As a social species we have hierarchy or dominance behaviour built it to our make up basically to reduce the number of street brawls and risk of harm to others in the group. Dominance Behaviour means people mostly avoid or defer to aggressive people — pick your fight and know when its worth biting back. Living in bigger groups requires cultural and social rules to control aggressive behaviours and misuse of assumed power. Some would say it is a natural part of being human – but avoiding conflict is also part of being human and being civilised means culturally we don’t like any misuse of the power deferment gives others.  The misuse of power and bullying is not acceptable.

So the The Knitting Police????? –

Knowledge is power. Knitting alot means I know alot about ‘knittins’. Many people come into the shop and make comments about their knitting/crochet. Usually along the lines of ‘its not perfect’ or ‘I don’t do garments because I can’t get them perfect’ or ‘my gauge is off’ or ‘the last thing I did, didn’t work out well’. Self critical judgement with no analysis of why. It may put them off knitting ever again. Heaven knows how negative their experience of learning was, but here are no knitting police.

Then there are the knitting athletes for whom craft is the olympics – competitors who do the hardest knitting techniques or the most complex stitches, the most knitting, the most completed patterns on Ravelry, all the ‘In’ patterns on Ravelry.

Knitting (for knitting read ‘and/or crochet’) really has something for everybody, but it should not be about intimidation.

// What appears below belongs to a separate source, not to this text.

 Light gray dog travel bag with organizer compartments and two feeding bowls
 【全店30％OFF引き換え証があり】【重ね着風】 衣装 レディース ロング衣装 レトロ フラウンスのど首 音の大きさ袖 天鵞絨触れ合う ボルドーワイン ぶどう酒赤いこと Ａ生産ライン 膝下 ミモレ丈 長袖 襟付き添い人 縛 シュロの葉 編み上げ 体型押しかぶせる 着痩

Only you know all the slipped stitches and extra rows you added to a pattern ’cause you missed an increase. Unless you are competing for a prize in the local show no-one else will know if there are three more rows in the back or front. And anyway adding or taking out rows for your fit are acceptable deviations from the pattern. The designer isn’t going to come after you and inspect your knitting – I hope they have better things to do.

There are no knitting police, only the few people who use your knitting insecurities to make themselves feel bigger (or better). These people should be avoided – most knitters are encouraging, mutually supportive and just happy to share with other like minded soles the joy of a completed item and a well made stitch or a challenge achieved.

First decide if you enjoyed the process then, pick up the insecurities, learn new techniques, be brave enough to make the odd mistake, frog if necessary, find ways around the issue (knit in the round if you hate sewing up), talk to the real encouraging knitters and just avoid all those power grabbers.